REALITY ASSERTS ITSELF: UK FOLLOWING SCOTT WALKER’S EXAMPLE.

The UK is not exactly a bastion of right-wingery. As a hoary political joke has it: In the UK, they have two parties—the Labour Party, which we in the U.S. would call the Socialist Party, and the Conservative Party, which we in the U.S. would also call the Socialist Party. And in the American context, Wisconsin is not a particularly right-wing state. Why are unions not getting their way in these places?

The answer is not, pace the wailings of Richard Trumka, a labor leader and Scott Walker critic, that Gov. Walker is some unique right-wing monster—and the same holds true for British PM David Cameron. As Richard Aldous pointed out in a must-read essay yesterday, the British voters reelected Cameron because of, not despite, his austerity and reform agenda; likewise, Wisconsin voters chose three times to keep Scott Walker in office.

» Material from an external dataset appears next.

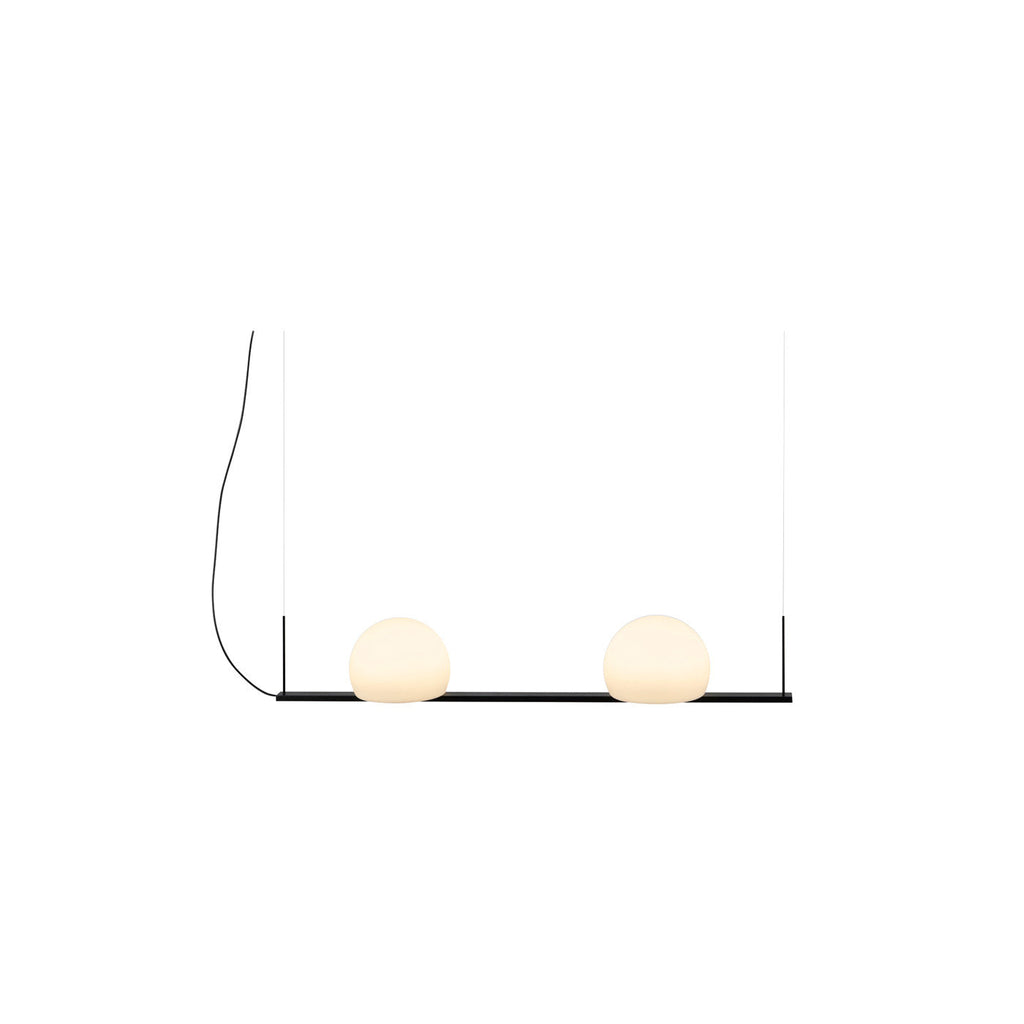 Circ Linear Pendant, 2 Lights, White Glass with Black Hardware, Surface Mount, LED, Triac Dim, IP20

To the moderate voter, it seems faintly ludicrous that public sector unions, alone of all political advocacy groups, are entitled to government-enforced dues collection. And then, that voter opens the London papers and sees that unionized public sector workers such as London’s tube drivers, who make far more than that same average voter, are going to strike for the second and third time this month over issues that have nothing to do with safety, job security, or any of the supposed traditional arguments for unionization. (The rural-American equivalent would be a school strike in a Wisconsin town over pension and health contribution levels that the average voter can only dream of.)

The waning of the blue model isn’t just an American phenomenon. The inability of Western countries to support and pay for lavish public sector pensions and benefits is becoming more apparent. Voters are giving politicians on both sides of the pond a mandate to do some remodeling.

Something that can’t go on forever, won’t.